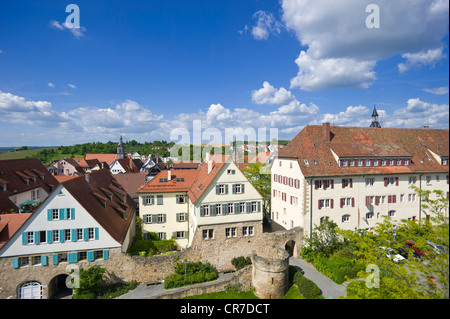 Paysage urbain avec l'ancien mur de la ville et Rondellturm tour ronde, Marbach am Neckar, vallée du Neckar, Bade-Wurtemberg Banque D'Images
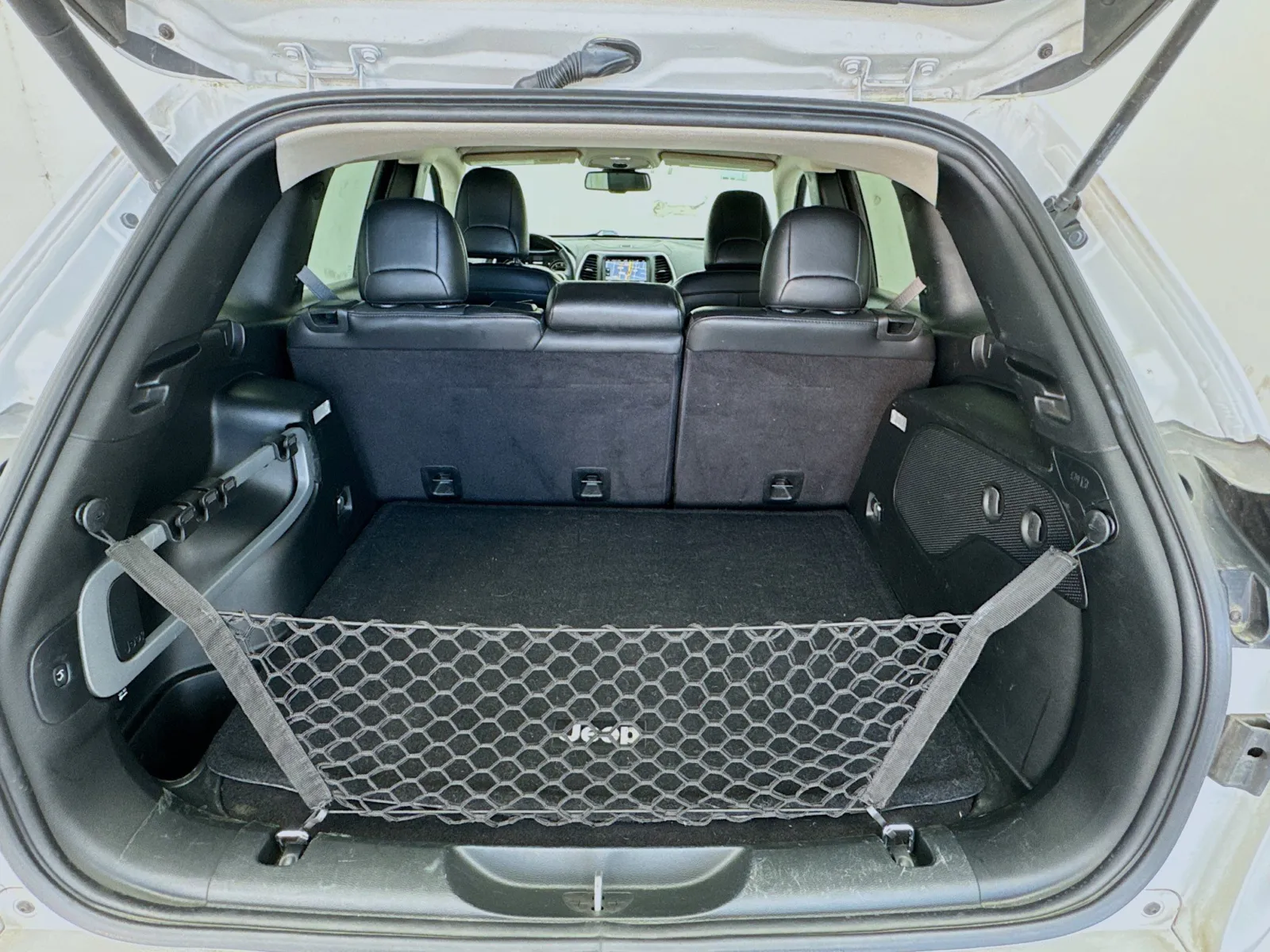 Jeep Cherokee photo 18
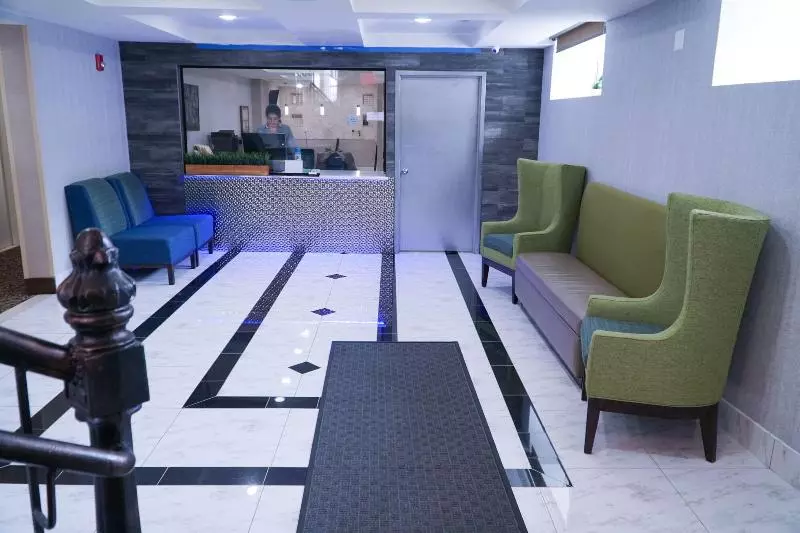 Hotelli Mint Jfk Airport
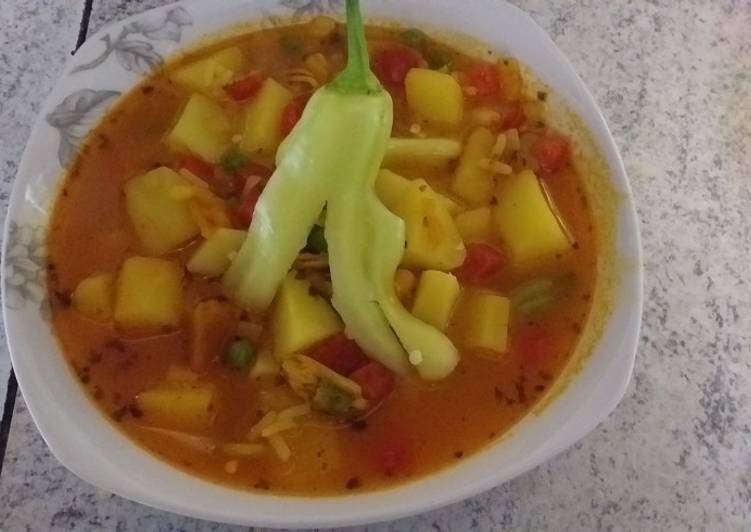 Sopa de choritos y verduras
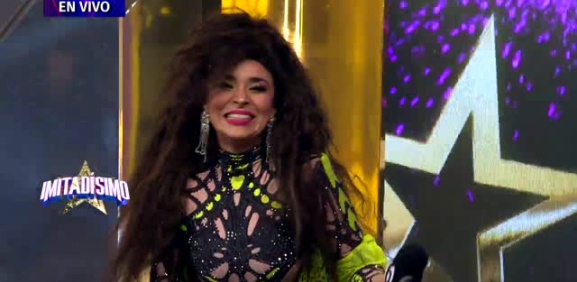 La directora saca la garra de su talento en la imitación en voz y presencia escénica
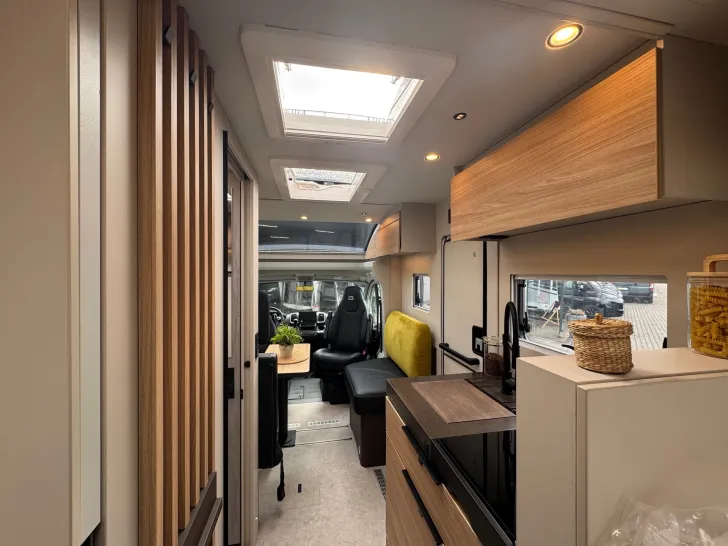 Fahrzeugbild Bürstner Signature SFT 7.0 Lithiumbatterie*3,65t*Markise #14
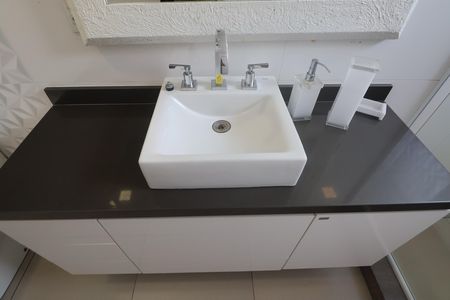 Casa de condomínio para alugar com 276m², 4 quartos e 4 vagasBanheiro da Suíte 2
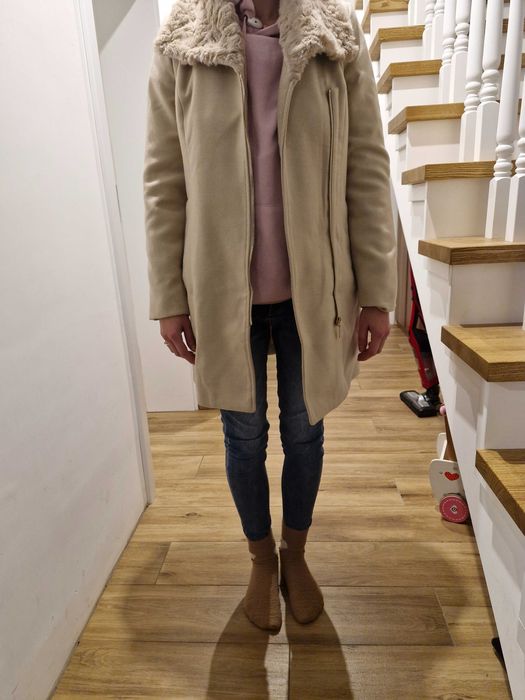 Płaszcz Mohito beżowy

Exercise objective. Set down nothing but the lines from the one containing "Jeep Cherokee photo 18" to the final line above, both included, with every picture left out.

Solved exercise.
 Jeep Cherokee photo 18
 Hotelli Mint Jfk Airport
 Sopa de choritos y verduras
 La directora saca la garra de su talento en la imitación en voz y presencia escénica
 Fahrzeugbild Bürstner Signature SFT 7.0 Lithiumbatterie*3,65t*Markise #14
 Casa de condomínio para alugar com 276m², 4 quartos e 4 vagasBanheiro da Suíte 2
 Płaszcz Mohito beżowy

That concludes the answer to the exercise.